The amount of boxes we get during the year is amazing. We can't keep them all but I die a little inside when I have to throw a perfectly good box away.
That's a box of memories for sure. I keep sturdy cardboard boxes too, but I never seem to need them for anything.
Debra that is the most beautiful story of your Christmas box, it truly is a treasure. My eyes won’t let me see the box but I can picture in my minds eye. Happy Christmas to you and yours❤️
What a wonderful box and beautiful memories.
Well you know me, this is right up my alley! Love your vintage box and the history behind it. That's what I love about collecting not just the interesting item but learning all the backstory goodies about a thing! I have a nativity scene from the 1950's that I inherited from my Mom. It's in a shoe box, lovingly wrapped in Christmas paper of the time. It's tucked away in a closet and I rarely bring it out. Now that you've reminded me of it, maybe I'll bring it out. Merry Christmas Debra! Thank you for this wonderful post.
A wonderful Christmas memory and a pretty darn good box if it is still hanging in there in 2022. My mother-in-law shared one of your memes with me recently (Jesus Christ was originally going to be named Gary) and I thought I need to know this person because that is my type of humor. Well, as it turns out, we have a lot of blogging friends in common so I thought I definitely should say hi so hi.
What wonderful history behind this sentimental box. It is funny how the most random thing means Christmas to individual personalities. I save good cardboard boxes for my business now but rarely need them for shipping since they are too large. So that collection is growing!

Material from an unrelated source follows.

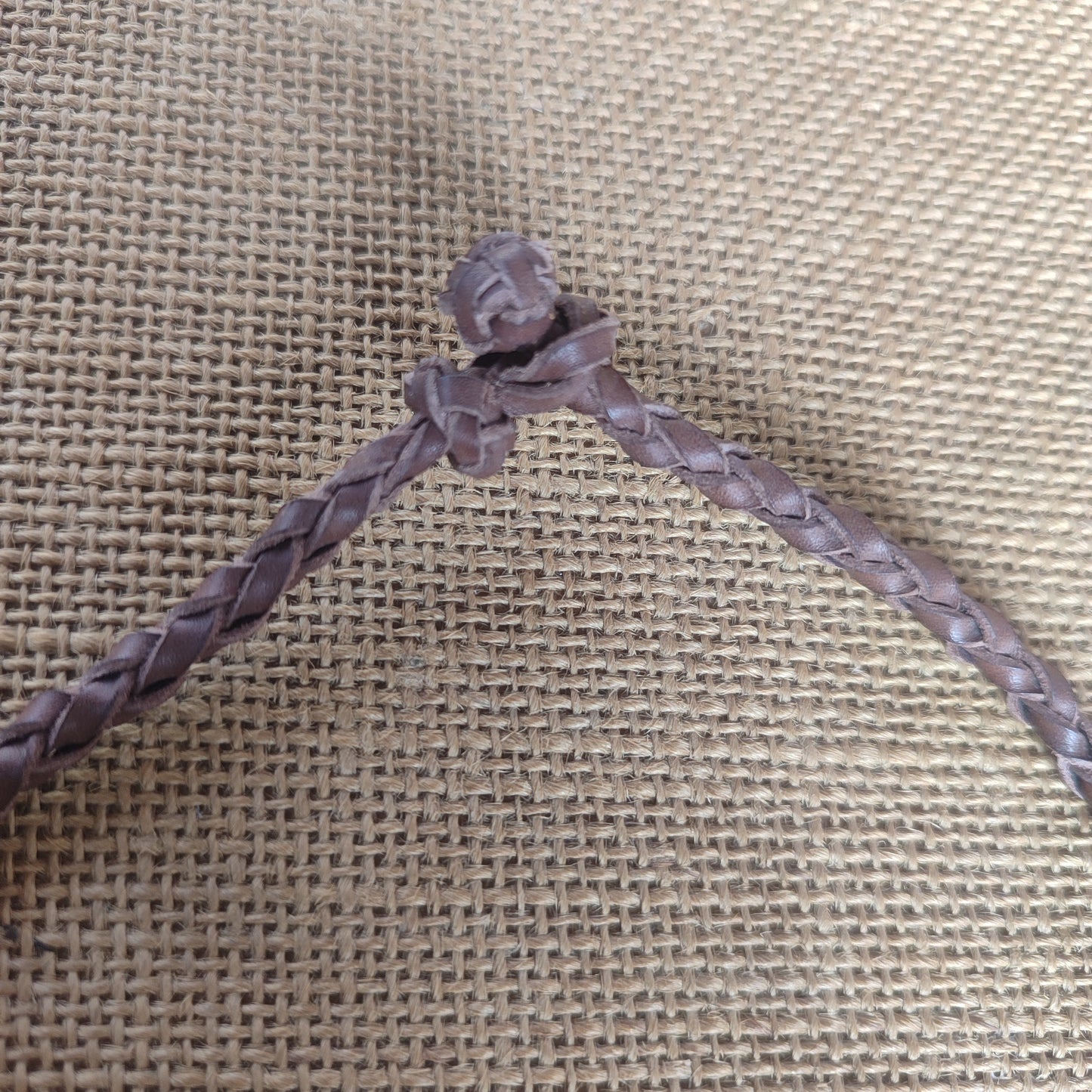 Cordón de cuero trenzado con colgante con piedra, colgante piedra luna, collar de cuero hombre, cuero con piedra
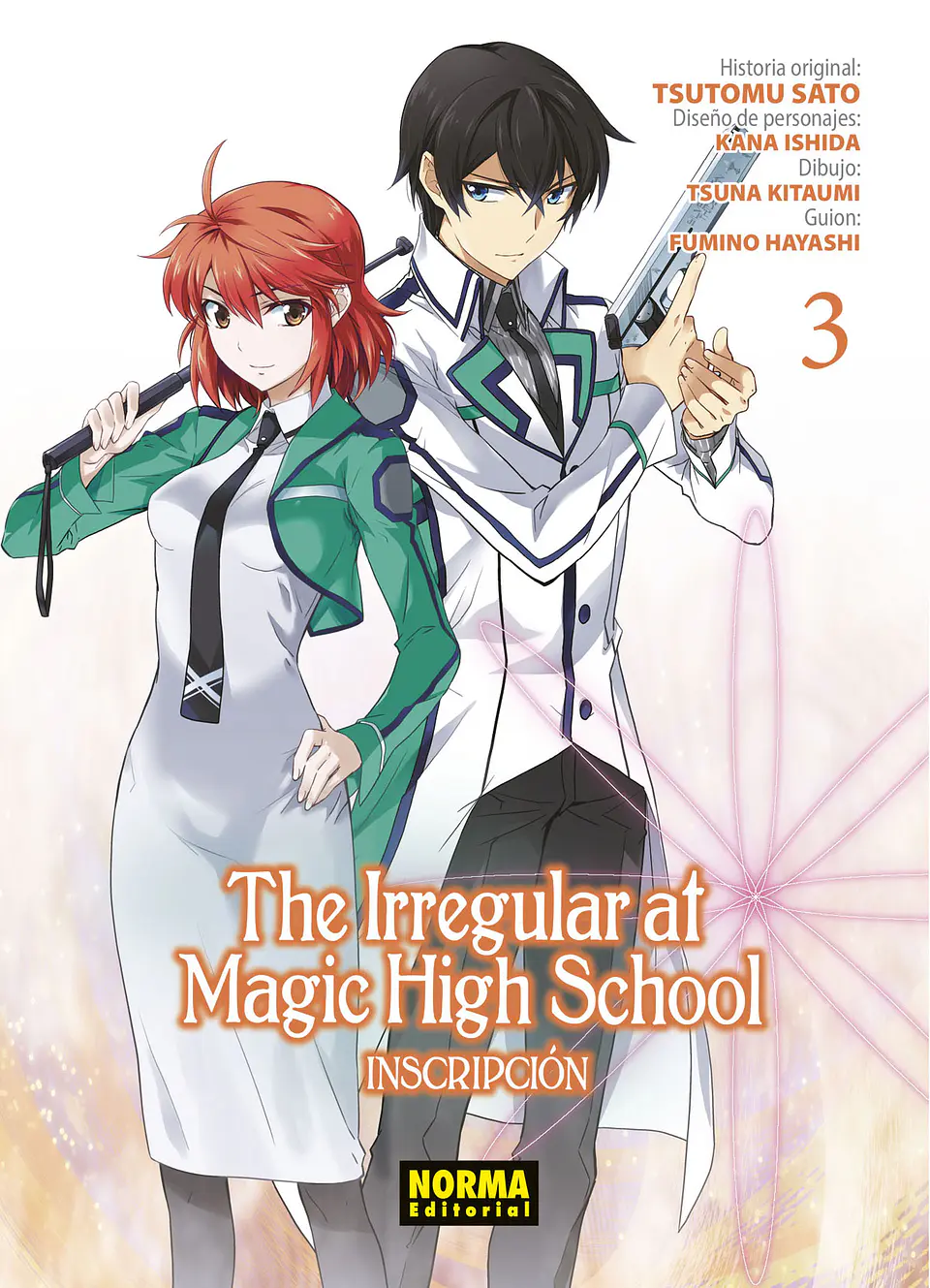 The Irregular At Magic High School Vol.03 1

This was cool. Love the box. Get the good box would be something I've said. I still have one Christmas box. Not from when I was a kid though I get that no matter how old we are, there are things that bring us right back. Ah ... so cool.
It is amazing how the texture and smell of something like that box can bring back a flood of feelings and memories. I keep some goofy little worn out ornaments from childhood for just that reason.
My main complain about box are the labels. Me personally I put what's in box on separate piece of paper and than tape it on box or the container.
Coffee is on and stay safe
Plastic totes are definitely the best
What a great story! And such a cool box. It's so interesting how these things spark memories.
I love your family Christmas box, Debra. Thanks for sharing your childhood memories! I'm a packrat, and I've saved a lot of Christmas boxes of different sizes. A few of our wrapping boxes are over thirty years old. They come out every Christmas for a new covering of wrapping and ribbons. None of my boxes are as special and cool as your Christmas box!